For this exercise, output exactly and only the lines running from the one with "Intermediate CCM RibCor" through the final line of the data below, without pictures.

> _INFORMATION SHOWN_
-- Opening Marker --
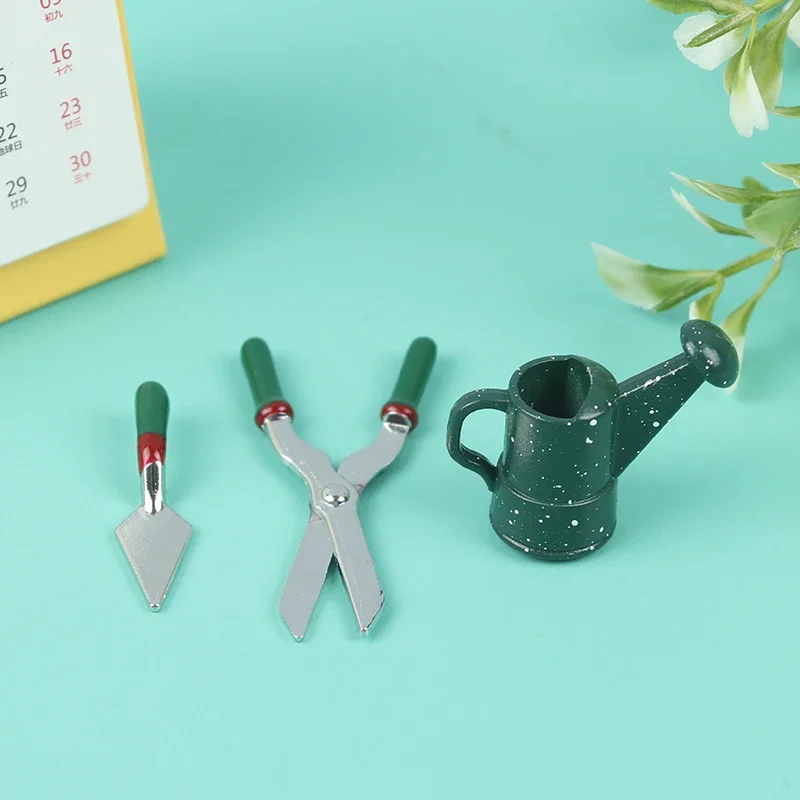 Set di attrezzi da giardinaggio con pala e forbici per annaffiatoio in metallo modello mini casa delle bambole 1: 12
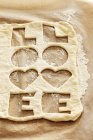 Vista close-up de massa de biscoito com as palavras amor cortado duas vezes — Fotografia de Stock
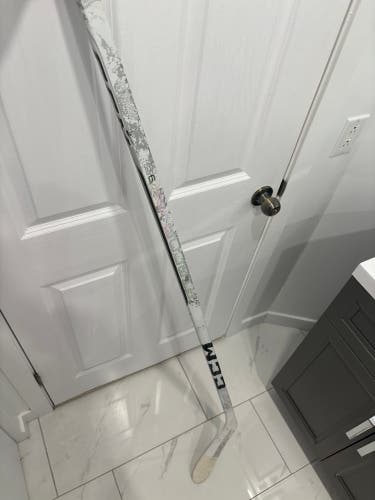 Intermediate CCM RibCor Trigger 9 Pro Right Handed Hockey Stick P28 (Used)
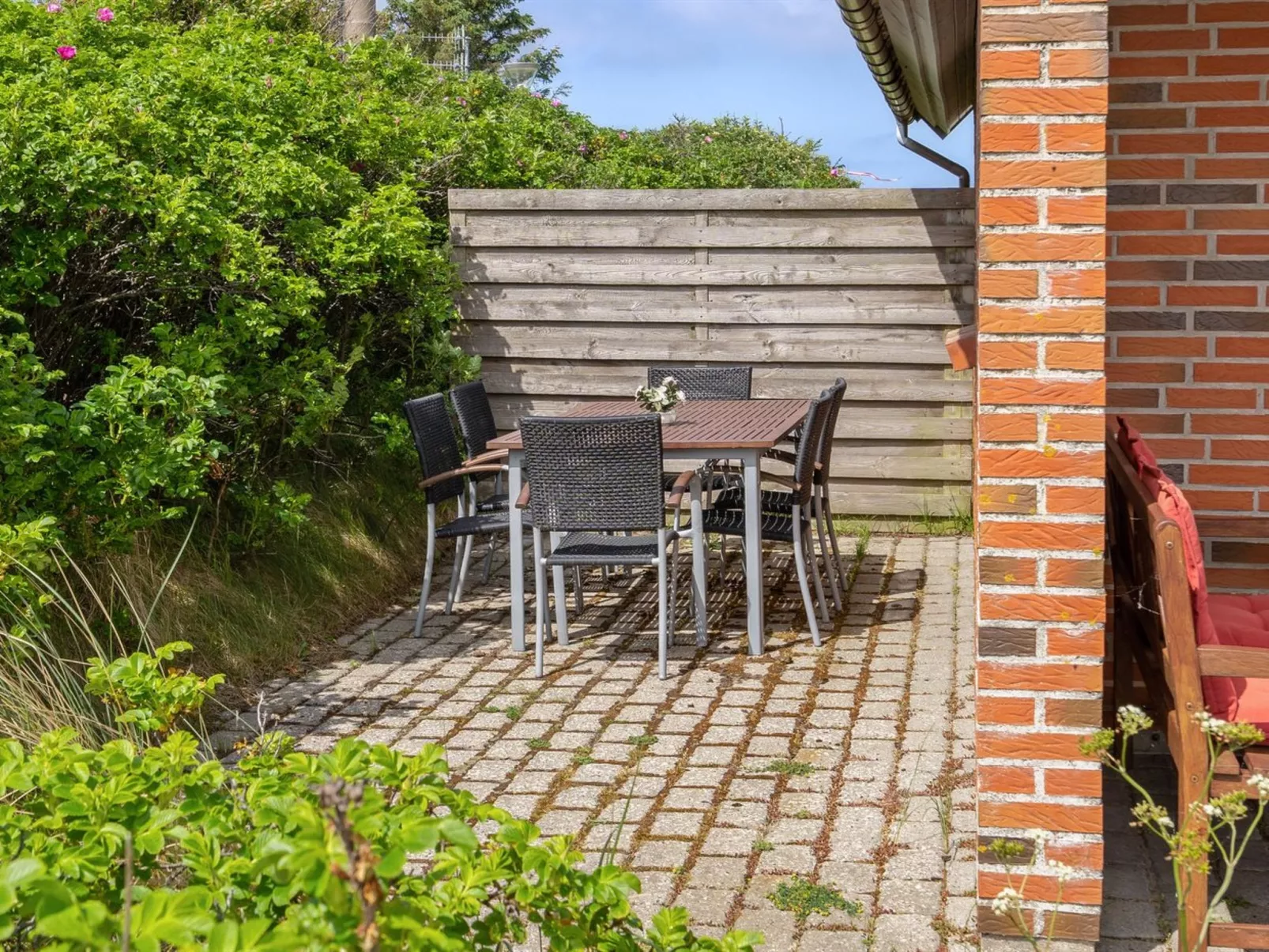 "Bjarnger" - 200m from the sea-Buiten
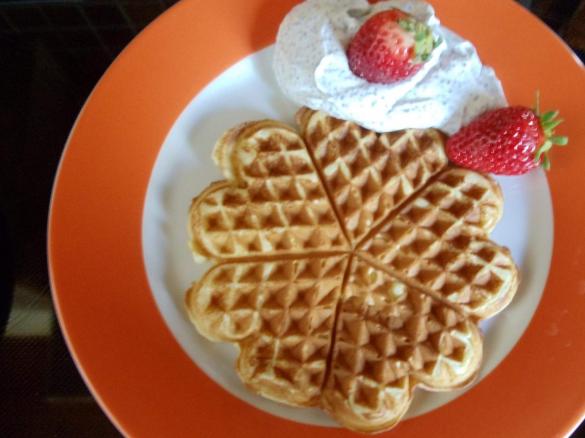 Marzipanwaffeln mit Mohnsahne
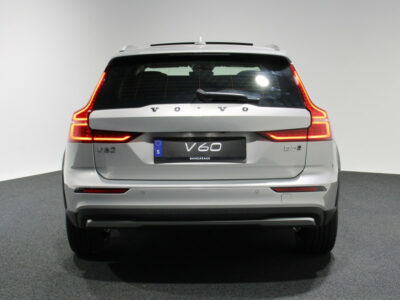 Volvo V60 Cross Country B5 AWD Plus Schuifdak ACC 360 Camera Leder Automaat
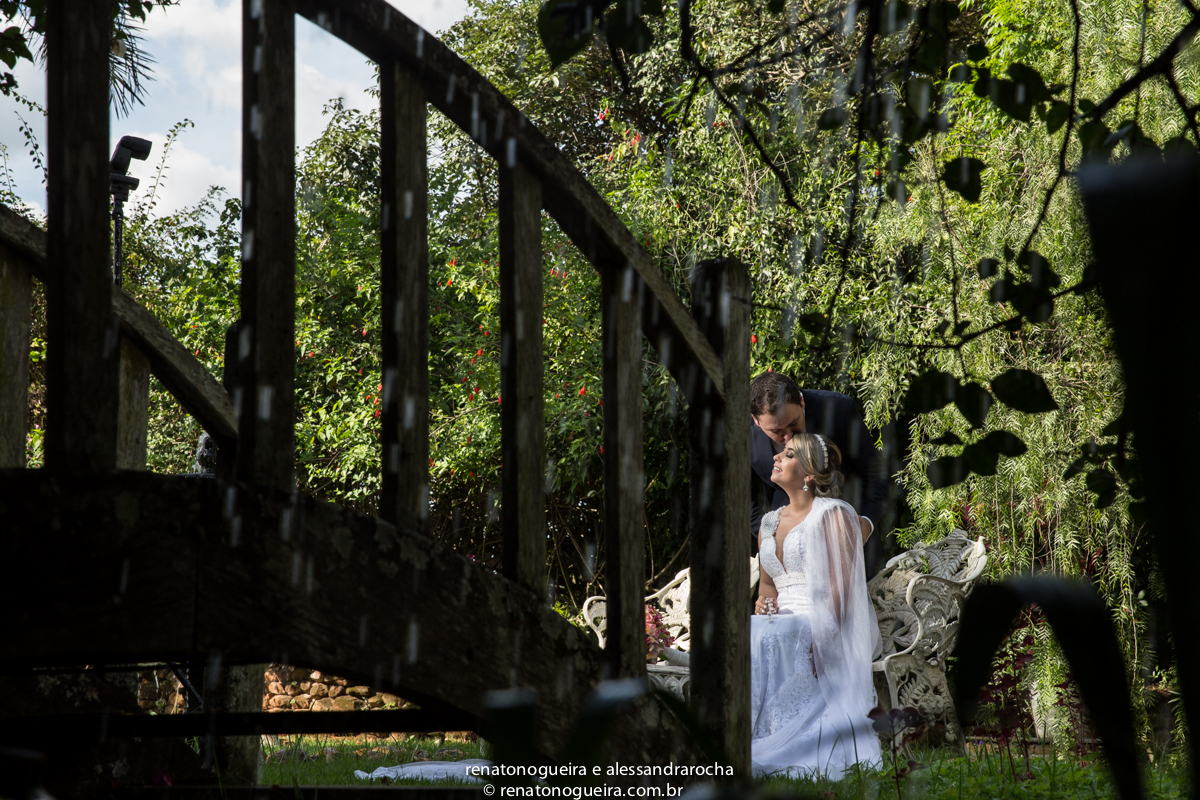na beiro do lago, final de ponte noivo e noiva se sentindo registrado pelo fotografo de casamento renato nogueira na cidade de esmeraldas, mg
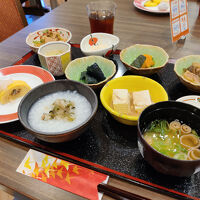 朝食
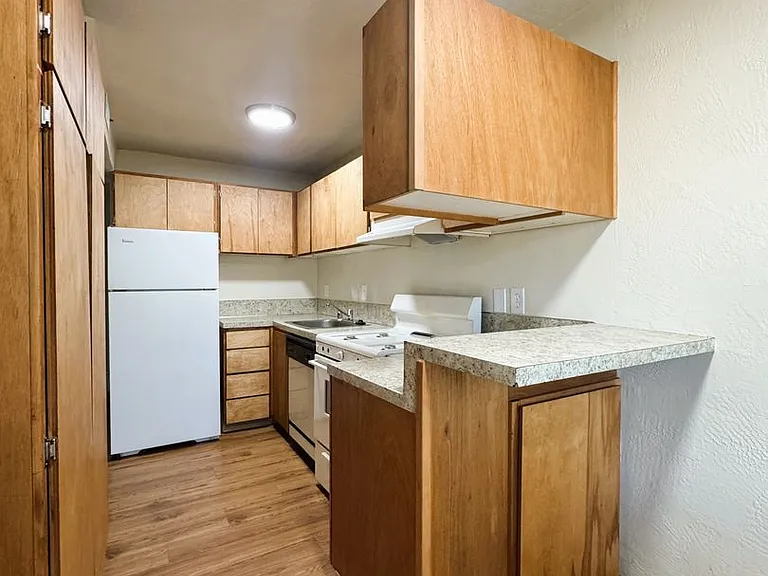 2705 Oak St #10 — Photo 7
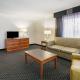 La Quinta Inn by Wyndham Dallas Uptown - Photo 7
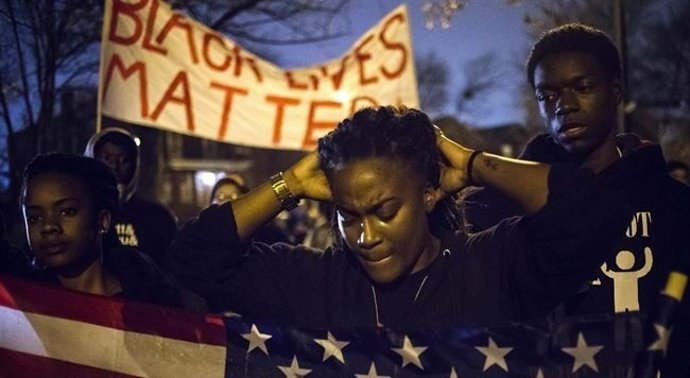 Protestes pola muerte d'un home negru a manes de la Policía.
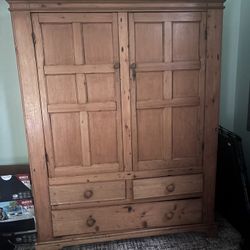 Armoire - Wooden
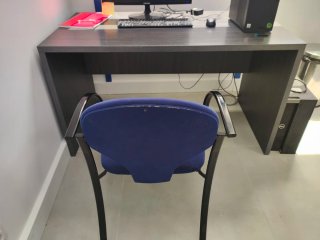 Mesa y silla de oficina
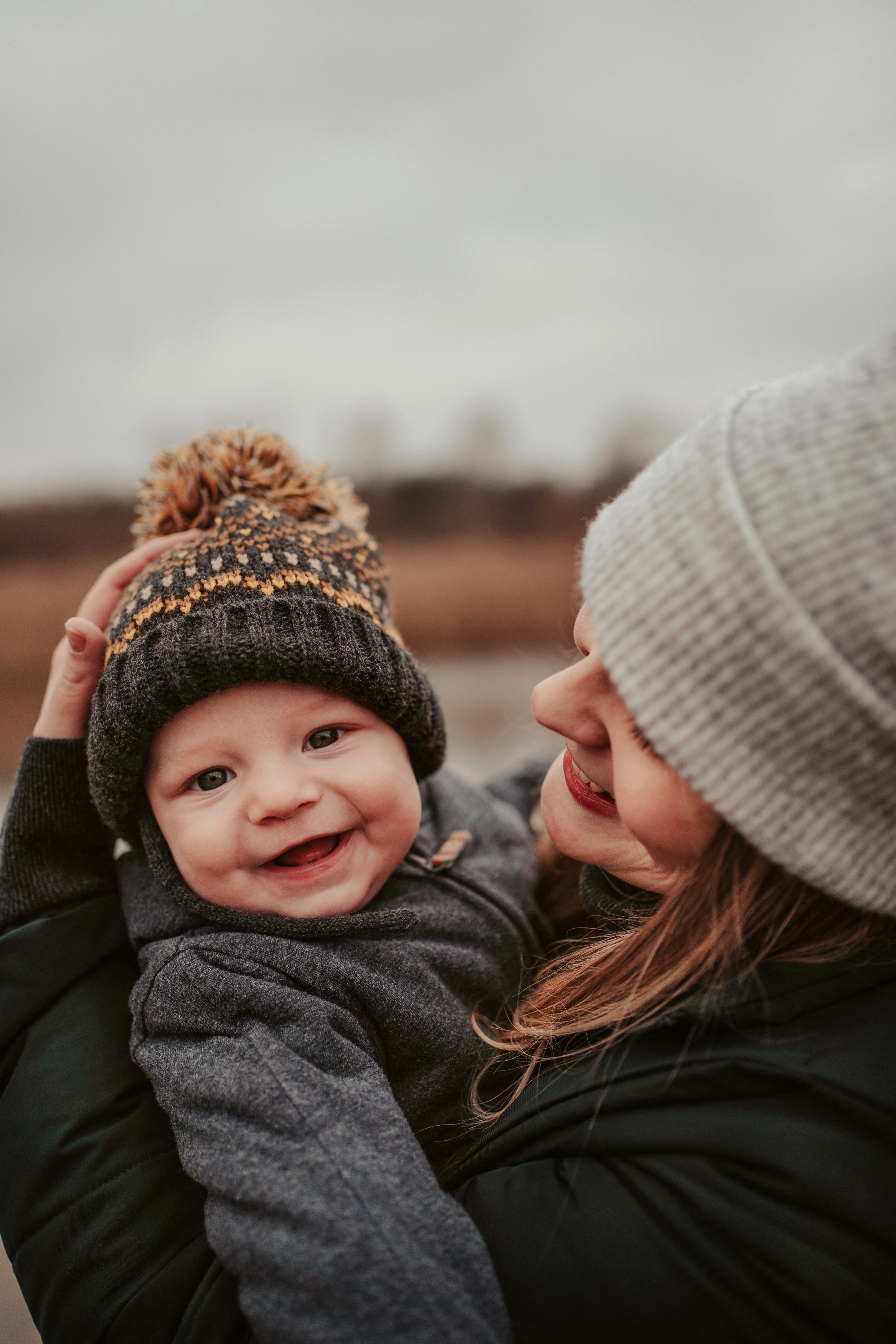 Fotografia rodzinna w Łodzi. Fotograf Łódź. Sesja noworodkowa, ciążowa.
-- Closing Marker --
> _WRITTEN SOLUTION_
 Intermediate CCM RibCor Trigger 9 Pro Right Handed Hockey Stick P28 (Used)
 "Bjarnger" - 200m from the sea-Buiten
 Marzipanwaffeln mit Mohnsahne
 Volvo V60 Cross Country B5 AWD Plus Schuifdak ACC 360 Camera Leder Automaat
na beiro do lago, final de ponte noivo e noiva se sentindo registrado pelo fotografo de casamento renato nogueira na cidade de esmeraldas, mg
 朝食
 2705 Oak St #10 — Photo 7
 La Quinta Inn by Wyndham Dallas Uptown - Photo 7
 Protestes pola muerte d'un home negru a manes de la Policía.
 Armoire - Wooden
 Mesa y silla de oficina
 Fotografia rodzinna w Łodzi. Fotograf Łódź. Sesja noworodkowa, ciążowa.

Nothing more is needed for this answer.